Il a ajouté que le consensus général était que les baisses de taux de la Banque du Canada relanceraient l’inflation dans le secteur immobilier.
«Rien de tout cela ne s’est produit. En fait, les prix des logements au Canada sont restés stables ou ont baissé pendant 10 mois consécutifs, et affichent une baisse de 2 % en glissement annuel», a expliqué M. Rosenberg.
Relations commerciales avec les États-Unis
Jusqu’à récemment, on espérait que les relations entre le Canada et les États-Unis s’amélioreraient, a ajouté M. Rosenberg.
«Bien sûr, nous allons maintenant jeter cela à la poubelle», a-t-il dit.
Même avec un taux de change compétitif et une croissance économique américaine en pleine effervescence, le secteur manufacturier est en baisse de 5 %.
«Si l’on tient compte de l’inflation au niveau du commerce de détail, il n’y a pratiquement pas de croissance non plus», a mentionné M. Rosenberg.
«Il faut être optimiste quant au dollar canadien»
M. Rosenberg a déclaré que, malgré la faiblesse du dollar canadien jusqu’à récemment, il n’était probablement pas assez faible.
«Si vous voulez être optimiste à l’égard du dollar canadien, vous devez commencer à voir une réelle impulsion positive dans les secteurs de l’économie qui sont les plus sensibles à la devise», a affirmé M. Rosenberg.

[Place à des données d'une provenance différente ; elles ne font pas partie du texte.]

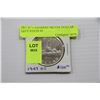 Image 1 : 1947 B7 CANADIAN SILVER DOLLAR - MINT STATE 63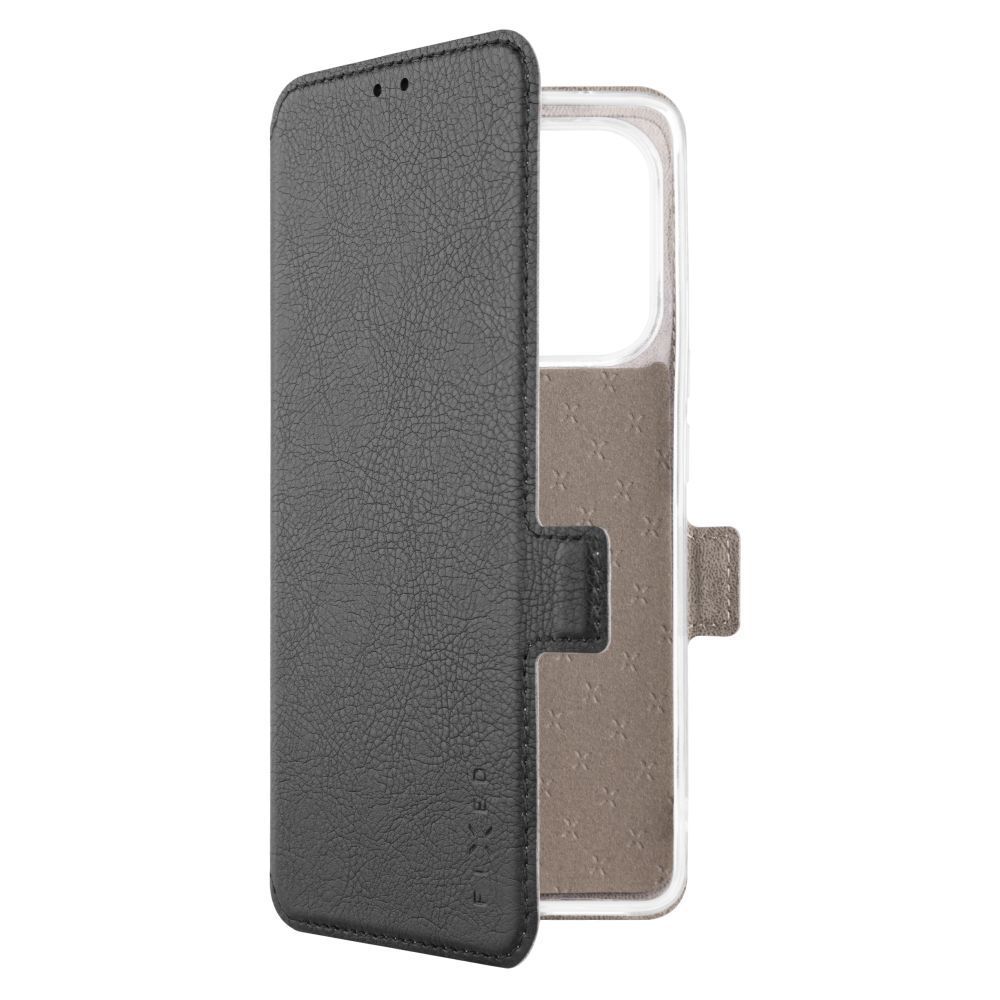 FIXED Topic oldalranyíló telefontok Xiaomi Redmi Note 14, fekete FIXED Topic oldalranyíló telefontok Xiaomi Redmi Note 14, fekete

«Ce n’est tout simplement pas le cas, et c’est une énorme déception.»
Le Canada devrait comparer sa devise à celles de l’Australie et de la Nouvelle-Zélande
La dépréciation généralisée du dollar américain a une incidence directe sur la devise canadienne, a avancé M. Rosenberg.
Les Canadiens devraient comparer leur devise au dollar australien et au dollar néo-zélandais, car «ce sont nos frères orientés vers les matières premières», a-t-il mentionné.
Par rapport à ces devises, le dollar canadien a déjà chuté de plus de 4 % au cours des deux derniers mois.
«Cela signifie qu’ils ont des taux d’intérêt plus élevés parce qu’ils ont une demande intérieure plus forte», a affirmé M. Rosenberg.
Il a ajouté qu’en fin de compte, les Canadiens doivent se demander s’ils pensent que le maintien des taux d’intérêt au Canada fonctionne, pourquoi les secteurs les plus sensibles au crédit, comme le logement, la construction et le commerce de détail, stagnent ou sont en déclin.
«Cela me dit que malgré tout ce que la Banque du Canada a fait, elle n’en a pas encore fait assez», a dit M. Rosenberg.